BY ASSISTANT PROFESSOR TARA DUDLEY

 

The Creole architecture of New Orleans is one of the city’s most-recognized features, but studies of it largely have focused on architectural typology. In Building Antebellum New Orleans, Tara A. Dudley examines the architectural activities and influence of gens de couleur libres—free people of color—in a city where the mixed-race descendants of whites and other free Blacks could own property.

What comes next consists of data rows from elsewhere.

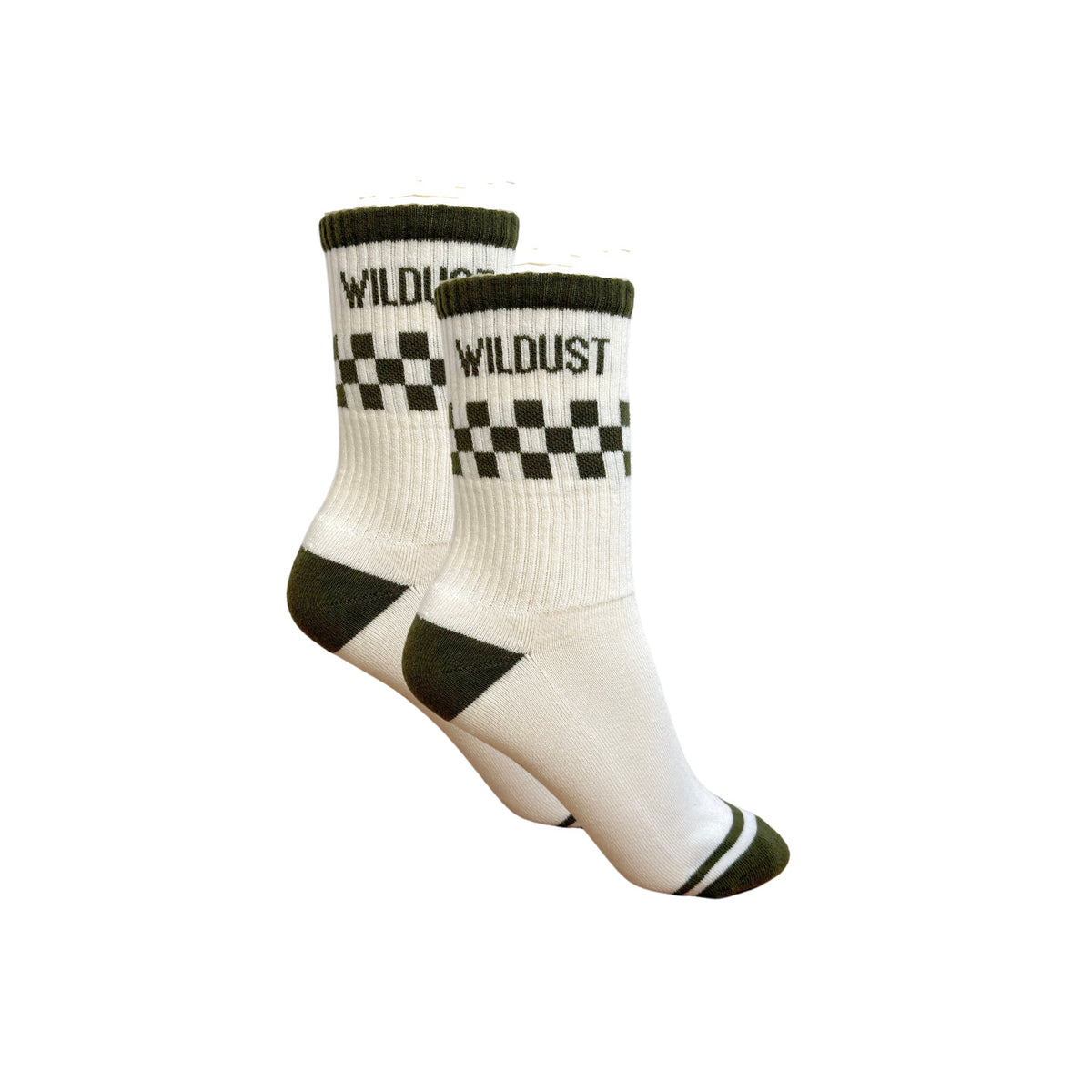 Wildust Sisters Race Green Socks - Salt Flats Clothing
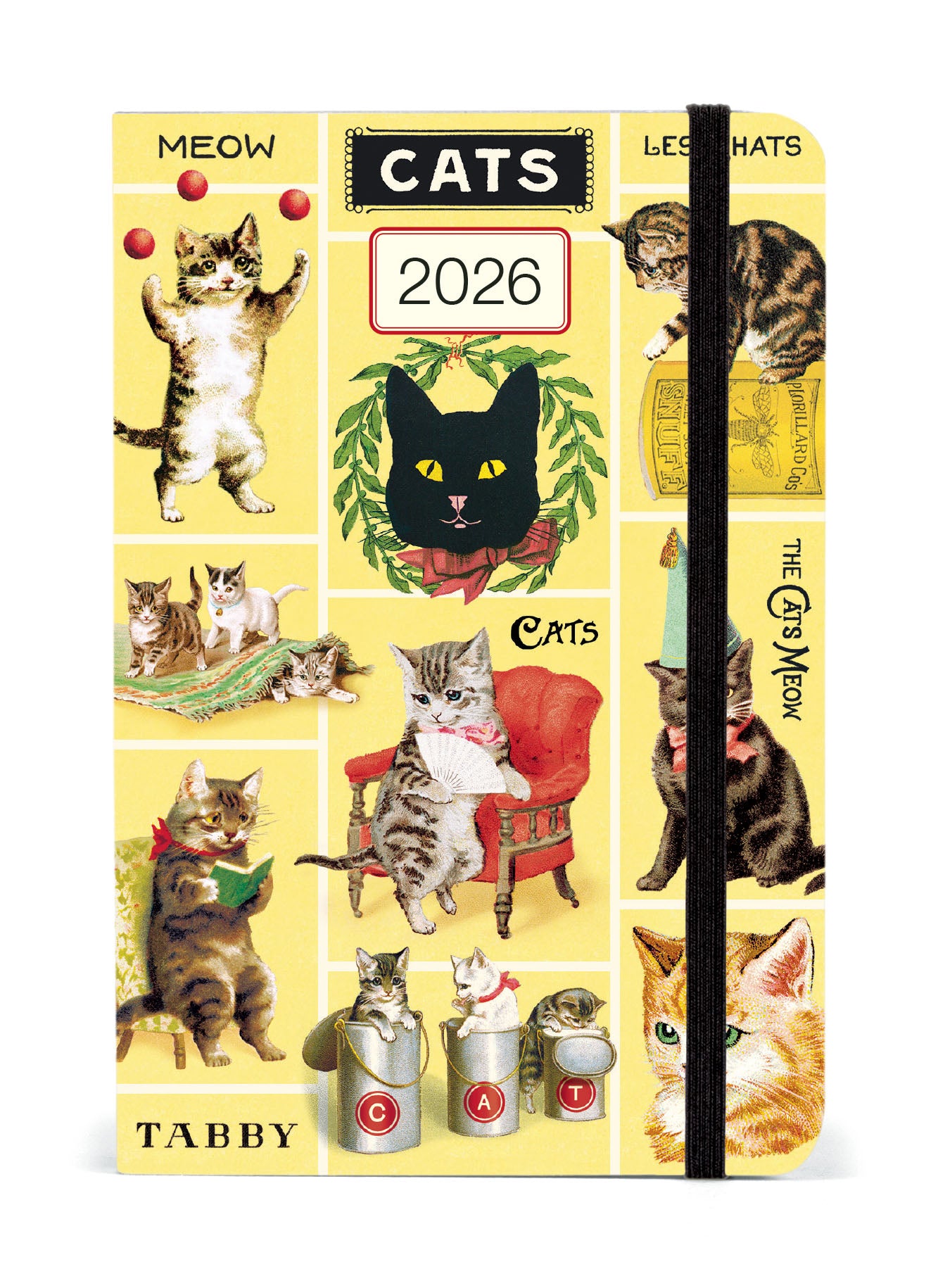 2026 Cavallini & Co. Cats Weekly Planner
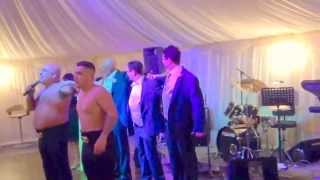Stavros Flatley at Eric and Pam's  Wedding 18th Sept 2015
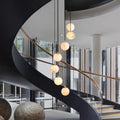 Faye Marble Bubble Chandelier for high ceiling staircase and foyer lighting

Between 1820 and 1850 New Orleans became an urban metropolis and industrialized shipping center with a growing population. Amidst dramatic economic and cultural change in the mid-antebellum period, the gens de couleur libres thrived as property owners, developers, building artisans, and patrons. Dudley writes an intimate microhistory of two prominent families of Black developers, the Dollioles and Souliés, to explore how gens de couleur libres used ownership, engagement, and entrepreneurship to construct individual and group identity and stability. With deep archival research, Dudley recreates in fine detail the material culture, business and social history, and politics of the built environment for free people of color and adds new, revelatory information to the canon on New Orleans architecture.